TO DO: Write out exactly the lines from the one that contains "DC Sleeveless T-shirt" down to the last line of the material below, keeping both ends and omitting pictures.

DATA SECTION:
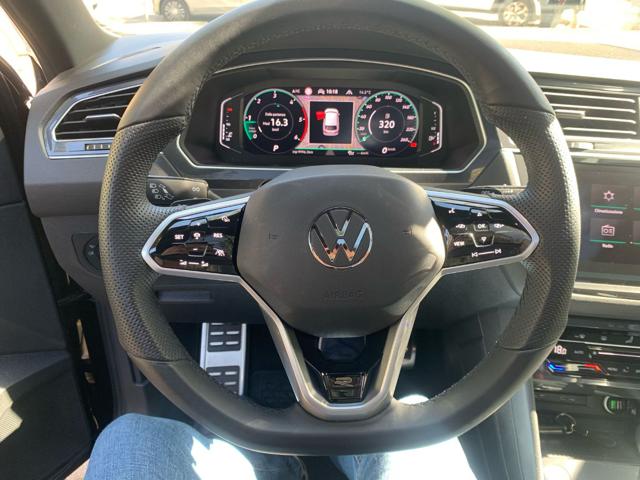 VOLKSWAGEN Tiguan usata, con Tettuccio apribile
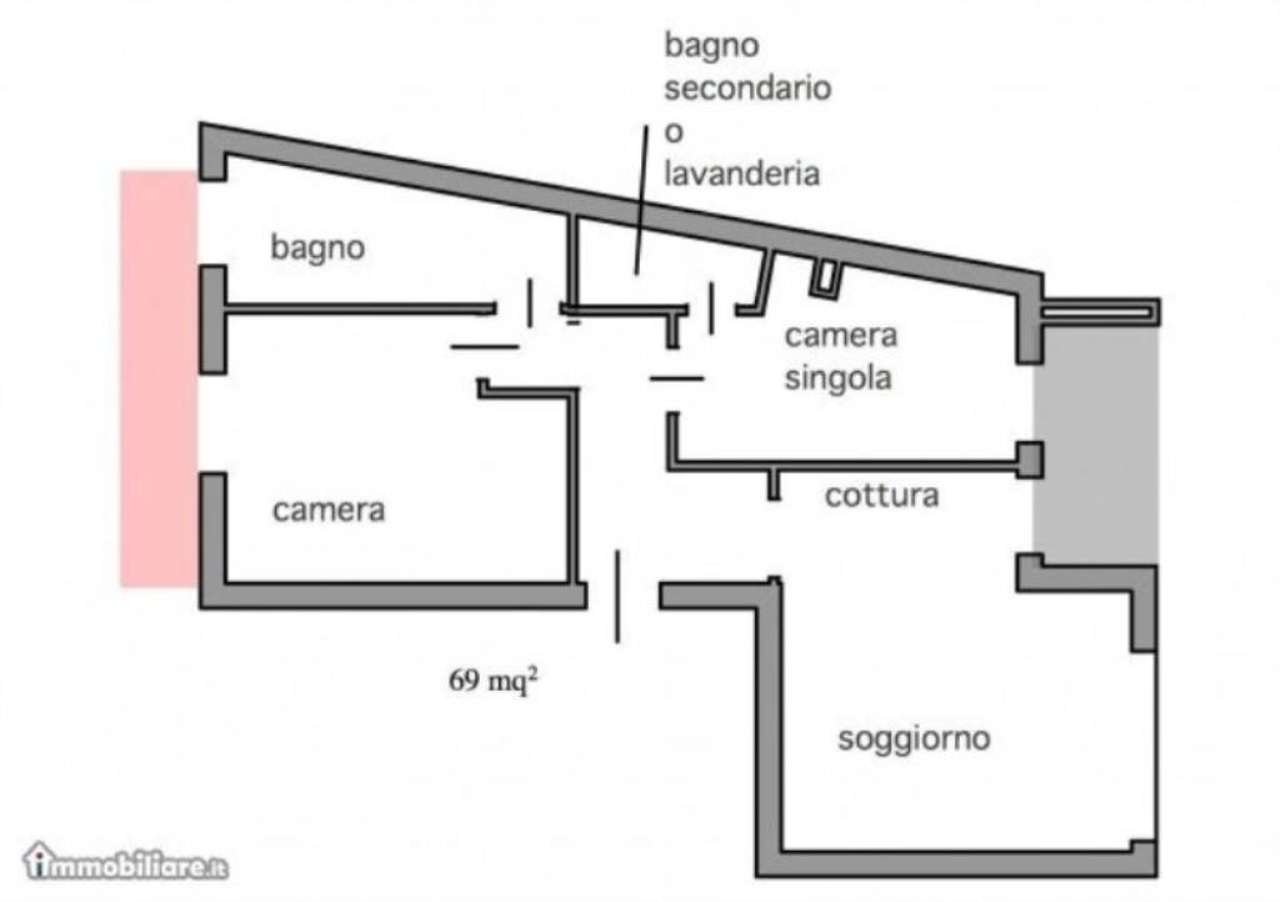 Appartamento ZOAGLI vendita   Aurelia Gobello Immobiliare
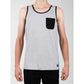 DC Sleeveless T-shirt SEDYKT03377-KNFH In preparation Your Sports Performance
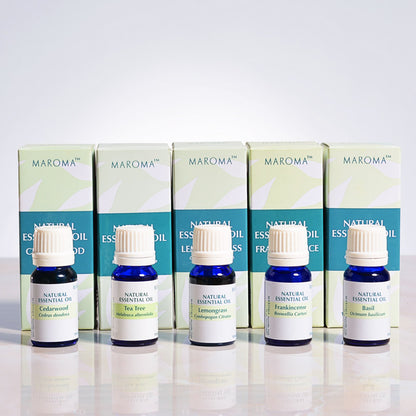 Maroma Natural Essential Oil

EXERCISE RESPONSE:
 DC Sleeveless T-shirt SEDYKT03377-KNFH In preparation Your Sports Performance
 Maroma Natural Essential Oil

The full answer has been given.